ASSIGNED TASK: In the data below, retype exactly the line that contains "Полотенцесушитель водяной Terminus" and every line after it, through the last.
———
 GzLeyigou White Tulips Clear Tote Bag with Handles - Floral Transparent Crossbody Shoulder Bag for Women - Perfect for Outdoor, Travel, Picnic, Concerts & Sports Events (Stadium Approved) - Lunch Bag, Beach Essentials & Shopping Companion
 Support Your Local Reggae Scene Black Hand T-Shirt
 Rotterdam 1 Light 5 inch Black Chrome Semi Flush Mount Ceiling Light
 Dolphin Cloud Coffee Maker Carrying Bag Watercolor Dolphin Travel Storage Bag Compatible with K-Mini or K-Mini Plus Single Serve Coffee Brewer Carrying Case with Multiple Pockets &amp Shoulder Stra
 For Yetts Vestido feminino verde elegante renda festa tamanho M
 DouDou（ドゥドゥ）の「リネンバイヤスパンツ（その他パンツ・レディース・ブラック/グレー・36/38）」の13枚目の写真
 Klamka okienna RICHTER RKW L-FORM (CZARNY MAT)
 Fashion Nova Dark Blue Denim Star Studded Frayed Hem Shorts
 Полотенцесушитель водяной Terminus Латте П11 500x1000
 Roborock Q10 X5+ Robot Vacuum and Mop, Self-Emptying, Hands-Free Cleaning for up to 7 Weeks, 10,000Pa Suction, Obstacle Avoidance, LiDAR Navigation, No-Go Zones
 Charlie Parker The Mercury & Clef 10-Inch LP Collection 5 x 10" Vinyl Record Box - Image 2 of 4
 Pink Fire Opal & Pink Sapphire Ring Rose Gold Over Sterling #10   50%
———
WRITTEN RESPONSE:
 Полотенцесушитель водяной Terminus Латте П11 500x1000
 Roborock Q10 X5+ Robot Vacuum and Mop, Self-Emptying, Hands-Free Cleaning for up to 7 Weeks, 10,000Pa Suction, Obstacle Avoidance, LiDAR Navigation, No-Go Zones
 Charlie Parker The Mercury & Clef 10-Inch LP Collection 5 x 10" Vinyl Record Box - Image 2 of 4
 Pink Fire Opal & Pink Sapphire Ring Rose Gold Over Sterling #10   50%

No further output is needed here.